Dataset extract:
┄┄┄┄┄┄┄┄┄┄┄┄┄┄┄┄┄┄┄┄

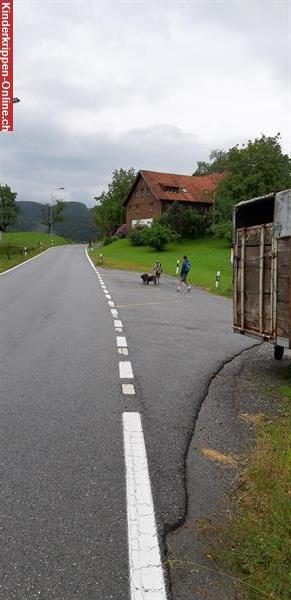 Bild 11: Waldspielgruppe Wölfli | 9427 Wolfhalden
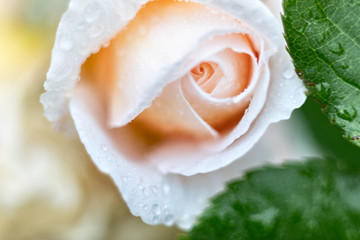 Fototapeta premium Beautiful floral spring with background of nature. Macro soft focus blossom.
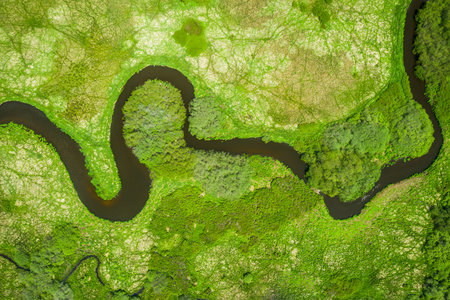Trebon region stands out for its extraordinary variety of habitats. The most valuable biotopes of...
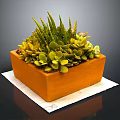 Healthy Green Succulent Plants In Orange Rectangular Planter With Mixed Foliage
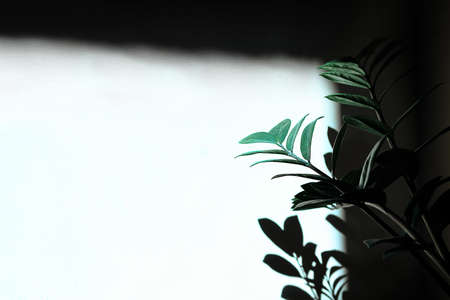 Plant shadow on the white surface . Houseplants with shade on the wallの写真素材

┄┄┄┄┄┄┄┄┄┄┄┄┄┄┄┄┄┄┄┄

Exercise instructions: Please repeat all of the data exactly, excluding images.

Response area:
 Bild 11: Waldspielgruppe Wölfli | 9427 Wolfhalden
 Fototapeta premium Beautiful floral spring with background of nature. Macro soft focus blossom.
Trebon region stands out for its extraordinary variety of habitats. The most valuable biotopes of...
 Healthy Green Succulent Plants In Orange Rectangular Planter With Mixed Foliage
 Plant shadow on the white surface . Houseplants with shade on the wallの写真素材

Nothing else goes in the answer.